Tag Archives: James Blackshaw

Interview : David Surette

davidsurette3Earlier this year, Work & Worry received a CD from David Surette, a fantastic instrumentalist and songwriter who resides up in Maine. Surette is my kind of picker : equal parts British folk revival, country blues, ragtime and traditional… well, that’s not totally true, his playing at times actually leans a little bit more to the British school than most American fingerpickers, which I guess is what I really love about it!

The performances on Sun Dog, all done in a single evening on a single microphone, are absolutely impeccable. All eight tracks feature clean, confident picking and a finely honed sense of composition, structure and ornamentation. It’s the kind of accomplished, out of nowhere record that is not only a joy to listen to, but makes a guitarist want to up his or her game… from the John Renbourn-esque “A Lot of Sir John” and “Cold Rain” to the feel-good raggin’ blues of “Frog’s Legs” and “Ukelele Stomp”,  Sun Dog is easily one of the best guitar recordings I’ve heard in a long time.

Surette’s liner notes on the CD do a fine job of describing the inception of these songs, and he also denotes the tunings… so I wanted to talk to Surette more about some of his perspectives on guitars, playing, and some of his influences.

W&W : Calling David Surette.. David, are you there?

Hey man, how’s it going?

W&W : Very well, how are you?

Good, it’s a beautiful day in the neighborhood.

W&W : Let’s talk about where you are and where you’ve been.
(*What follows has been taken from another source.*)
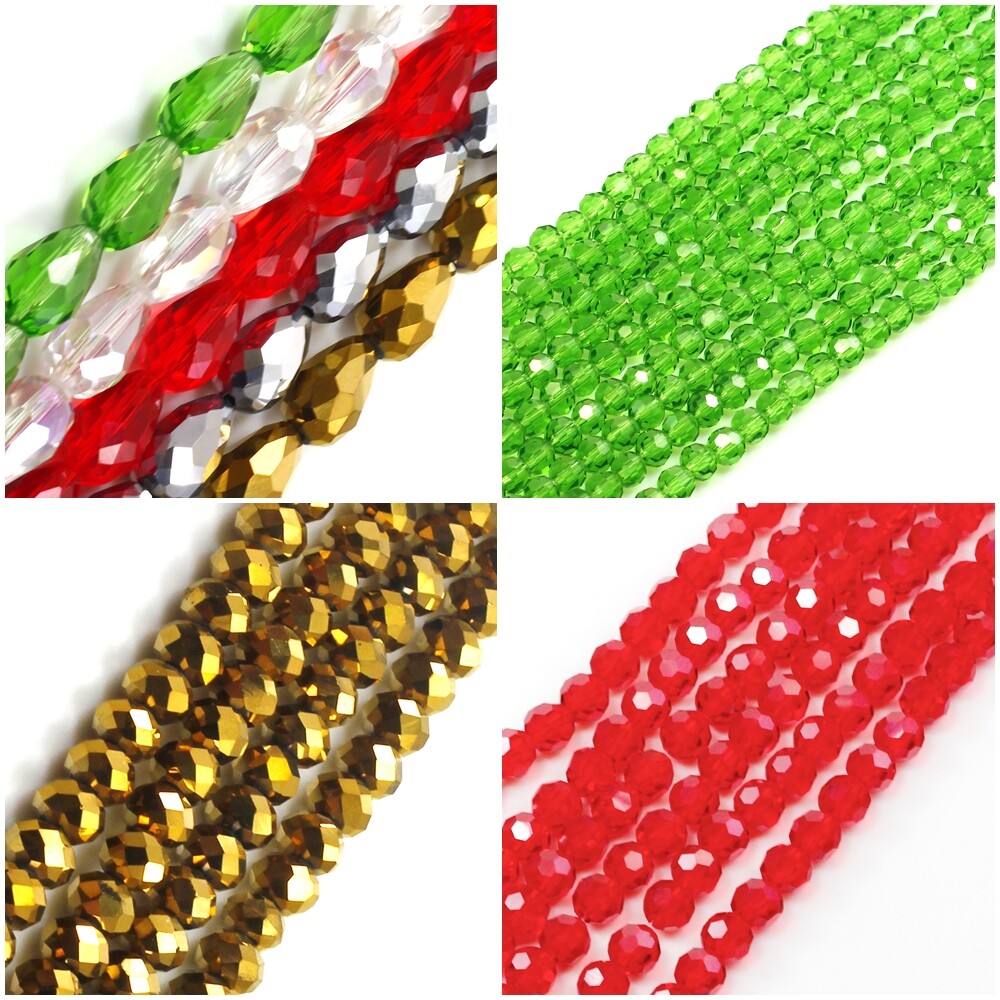 Shiny Crystal Faceted Round Rondelle Bicone Teardrop Beads Jewelry Making 11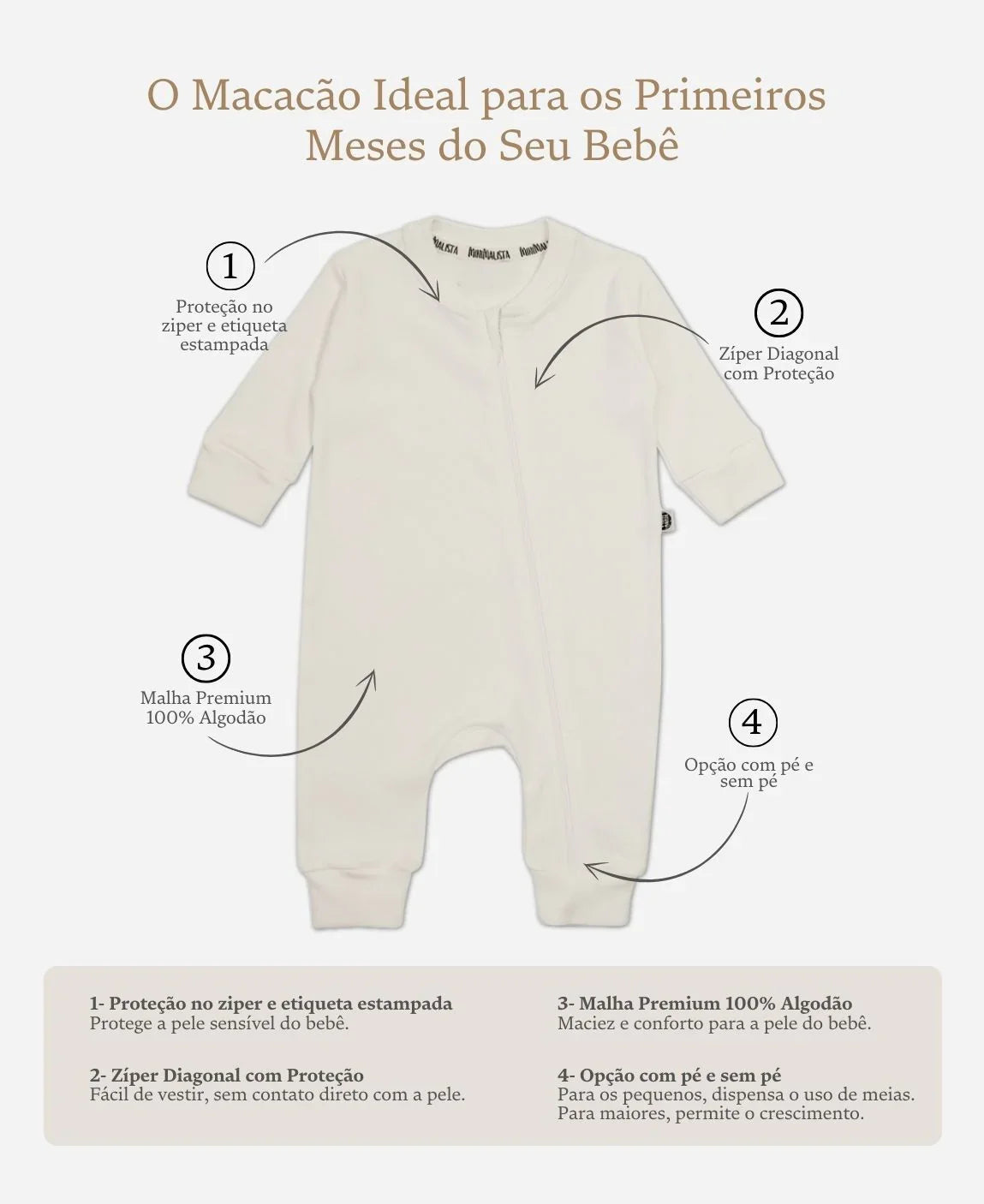 Macacão de Bebê Ziper com opção de Pezinho | Liso Branco Off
You seem to have extremely strong ties to the music scene up in Maine… have you always lived in that part of the world? Where were you when your interest in guitar first developed, and what did you concentrate on when you were first starting out?

Well, I grew up in northern New Hampshire in the mountains, North Conway, which is right on the border with Maine. So I’ve always been a NH/ME kind of guy. I moved down to this area when I was going to college at UNH, from ’81-’85, and ended up sticking around. There’s a good local music scene here, and it’s close to a lot of other great spots, like Boston and Portland.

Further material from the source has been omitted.